PROBLEM TO SOLVE —
Each record below must be written out again in exactly the same form.

(Excerpts from a dataset)
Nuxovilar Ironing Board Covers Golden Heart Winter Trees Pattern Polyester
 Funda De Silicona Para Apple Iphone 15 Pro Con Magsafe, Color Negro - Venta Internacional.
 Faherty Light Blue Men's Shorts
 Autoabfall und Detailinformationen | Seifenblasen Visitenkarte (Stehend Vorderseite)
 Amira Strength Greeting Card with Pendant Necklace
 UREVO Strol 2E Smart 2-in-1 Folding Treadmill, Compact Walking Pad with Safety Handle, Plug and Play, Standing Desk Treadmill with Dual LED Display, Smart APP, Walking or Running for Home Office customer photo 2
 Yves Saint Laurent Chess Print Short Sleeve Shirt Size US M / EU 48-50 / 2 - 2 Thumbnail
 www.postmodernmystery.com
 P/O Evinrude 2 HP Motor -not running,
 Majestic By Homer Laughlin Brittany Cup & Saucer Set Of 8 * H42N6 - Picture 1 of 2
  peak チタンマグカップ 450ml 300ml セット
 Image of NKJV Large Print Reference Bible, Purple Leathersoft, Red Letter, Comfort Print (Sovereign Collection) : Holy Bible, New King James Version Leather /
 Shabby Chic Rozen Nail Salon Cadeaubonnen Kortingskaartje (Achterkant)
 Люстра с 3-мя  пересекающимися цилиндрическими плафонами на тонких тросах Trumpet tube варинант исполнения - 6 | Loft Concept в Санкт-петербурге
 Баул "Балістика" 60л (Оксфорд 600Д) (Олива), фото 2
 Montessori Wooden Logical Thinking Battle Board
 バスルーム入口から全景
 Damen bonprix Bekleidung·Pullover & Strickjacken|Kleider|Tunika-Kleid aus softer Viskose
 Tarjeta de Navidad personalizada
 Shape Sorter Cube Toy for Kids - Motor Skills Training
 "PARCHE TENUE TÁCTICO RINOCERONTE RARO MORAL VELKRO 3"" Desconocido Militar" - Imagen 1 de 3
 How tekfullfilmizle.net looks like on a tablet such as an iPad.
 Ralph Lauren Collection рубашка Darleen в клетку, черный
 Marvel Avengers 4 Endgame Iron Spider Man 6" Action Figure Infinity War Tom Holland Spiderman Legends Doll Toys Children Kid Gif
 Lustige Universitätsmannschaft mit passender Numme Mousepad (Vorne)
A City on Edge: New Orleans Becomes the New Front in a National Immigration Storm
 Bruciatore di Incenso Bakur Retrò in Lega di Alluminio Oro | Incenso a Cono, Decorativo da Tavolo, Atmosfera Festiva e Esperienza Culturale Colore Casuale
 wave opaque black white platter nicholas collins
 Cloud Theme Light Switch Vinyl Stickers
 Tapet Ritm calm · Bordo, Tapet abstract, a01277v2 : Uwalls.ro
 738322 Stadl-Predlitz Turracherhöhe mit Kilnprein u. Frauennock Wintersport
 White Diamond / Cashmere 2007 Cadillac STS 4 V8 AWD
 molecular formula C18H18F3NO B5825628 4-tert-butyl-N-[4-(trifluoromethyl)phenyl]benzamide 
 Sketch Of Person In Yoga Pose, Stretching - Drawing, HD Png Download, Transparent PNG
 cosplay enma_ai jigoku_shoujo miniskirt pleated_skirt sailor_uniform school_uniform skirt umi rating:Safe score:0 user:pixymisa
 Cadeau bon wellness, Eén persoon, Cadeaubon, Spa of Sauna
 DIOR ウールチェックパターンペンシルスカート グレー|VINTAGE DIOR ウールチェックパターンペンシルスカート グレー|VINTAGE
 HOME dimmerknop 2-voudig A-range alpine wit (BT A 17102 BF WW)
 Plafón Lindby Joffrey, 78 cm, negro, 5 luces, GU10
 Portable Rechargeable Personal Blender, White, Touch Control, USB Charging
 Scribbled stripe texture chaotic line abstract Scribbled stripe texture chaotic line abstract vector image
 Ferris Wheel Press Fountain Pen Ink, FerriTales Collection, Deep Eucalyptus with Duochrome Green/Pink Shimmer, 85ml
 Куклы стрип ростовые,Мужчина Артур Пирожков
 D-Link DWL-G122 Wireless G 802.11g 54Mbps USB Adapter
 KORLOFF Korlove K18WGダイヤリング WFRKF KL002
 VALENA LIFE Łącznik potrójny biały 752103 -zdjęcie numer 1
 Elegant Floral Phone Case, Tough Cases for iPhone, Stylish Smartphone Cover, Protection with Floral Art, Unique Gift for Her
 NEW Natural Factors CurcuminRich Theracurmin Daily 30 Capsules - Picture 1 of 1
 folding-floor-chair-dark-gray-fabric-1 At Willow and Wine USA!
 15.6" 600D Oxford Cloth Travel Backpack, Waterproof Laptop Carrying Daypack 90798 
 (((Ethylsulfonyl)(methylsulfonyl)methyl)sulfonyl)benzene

SOLUTION FOR THIS PROBLEM —
Nuxovilar Ironing Board Covers Golden Heart Winter Trees Pattern Polyester
 Funda De Silicona Para Apple Iphone 15 Pro Con Magsafe, Color Negro - Venta Internacional.
 Faherty Light Blue Men's Shorts
 Autoabfall und Detailinformationen | Seifenblasen Visitenkarte (Stehend Vorderseite)
 Amira Strength Greeting Card with Pendant Necklace
 UREVO Strol 2E Smart 2-in-1 Folding Treadmill, Compact Walking Pad with Safety Handle, Plug and Play, Standing Desk Treadmill with Dual LED Display, Smart APP, Walking or Running for Home Office customer photo 2
 Yves Saint Laurent Chess Print Short Sleeve Shirt Size US M / EU 48-50 / 2 - 2 Thumbnail
 www.postmodernmystery.com
 P/O Evinrude 2 HP Motor -not running,
 Majestic By Homer Laughlin Brittany Cup & Saucer Set Of 8 * H42N6 - Picture 1 of 2
  peak チタンマグカップ 450ml 300ml セット
 Image of NKJV Large Print Reference Bible, Purple Leathersoft, Red Letter, Comfort Print (Sovereign Collection) : Holy Bible, New King James Version Leather /
 Shabby Chic Rozen Nail Salon Cadeaubonnen Kortingskaartje (Achterkant)
 Люстра с 3-мя  пересекающимися цилиндрическими плафонами на тонких тросах Trumpet tube варинант исполнения - 6 | Loft Concept в Санкт-петербурге
 Баул "Балістика" 60л (Оксфорд 600Д) (Олива), фото 2
 Montessori Wooden Logical Thinking Battle Board
 バスルーム入口から全景
 Damen bonprix Bekleidung·Pullover & Strickjacken|Kleider|Tunika-Kleid aus softer Viskose
 Tarjeta de Navidad personalizada
 Shape Sorter Cube Toy for Kids - Motor Skills Training
 "PARCHE TENUE TÁCTICO RINOCERONTE RARO MORAL VELKRO 3"" Desconocido Militar" - Imagen 1 de 3
 How tekfullfilmizle.net looks like on a tablet such as an iPad.
 Ralph Lauren Collection рубашка Darleen в клетку, черный
 Marvel Avengers 4 Endgame Iron Spider Man 6" Action Figure Infinity War Tom Holland Spiderman Legends Doll Toys Children Kid Gif
 Lustige Universitätsmannschaft mit passender Numme Mousepad (Vorne)
A City on Edge: New Orleans Becomes the New Front in a National Immigration Storm
 Bruciatore di Incenso Bakur Retrò in Lega di Alluminio Oro | Incenso a Cono, Decorativo da Tavolo, Atmosfera Festiva e Esperienza Culturale Colore Casuale
 wave opaque black white platter nicholas collins
 Cloud Theme Light Switch Vinyl Stickers
 Tapet Ritm calm · Bordo, Tapet abstract, a01277v2 : Uwalls.ro
 738322 Stadl-Predlitz Turracherhöhe mit Kilnprein u. Frauennock Wintersport
 White Diamond / Cashmere 2007 Cadillac STS 4 V8 AWD
 molecular formula C18H18F3NO B5825628 4-tert-butyl-N-[4-(trifluoromethyl)phenyl]benzamide 
 Sketch Of Person In Yoga Pose, Stretching - Drawing, HD Png Download, Transparent PNG
 cosplay enma_ai jigoku_shoujo miniskirt pleated_skirt sailor_uniform school_uniform skirt umi rating:Safe score:0 user:pixymisa
 Cadeau bon wellness, Eén persoon, Cadeaubon, Spa of Sauna
 DIOR ウールチェックパターンペンシルスカート グレー|VINTAGE DIOR ウールチェックパターンペンシルスカート グレー|VINTAGE
 HOME dimmerknop 2-voudig A-range alpine wit (BT A 17102 BF WW)
 Plafón Lindby Joffrey, 78 cm, negro, 5 luces, GU10
 Portable Rechargeable Personal Blender, White, Touch Control, USB Charging
 Scribbled stripe texture chaotic line abstract Scribbled stripe texture chaotic line abstract vector image
 Ferris Wheel Press Fountain Pen Ink, FerriTales Collection, Deep Eucalyptus with Duochrome Green/Pink Shimmer, 85ml
 Куклы стрип ростовые,Мужчина Артур Пирожков
 D-Link DWL-G122 Wireless G 802.11g 54Mbps USB Adapter
 KORLOFF Korlove K18WGダイヤリング WFRKF KL002
 VALENA LIFE Łącznik potrójny biały 752103 -zdjęcie numer 1
 Elegant Floral Phone Case, Tough Cases for iPhone, Stylish Smartphone Cover, Protection with Floral Art, Unique Gift for Her
 NEW Natural Factors CurcuminRich Theracurmin Daily 30 Capsules - Picture 1 of 1
 folding-floor-chair-dark-gray-fabric-1 At Willow and Wine USA!
 15.6" 600D Oxford Cloth Travel Backpack, Waterproof Laptop Carrying Daypack 90798 
 (((Ethylsulfonyl)(methylsulfonyl)methyl)sulfonyl)benzene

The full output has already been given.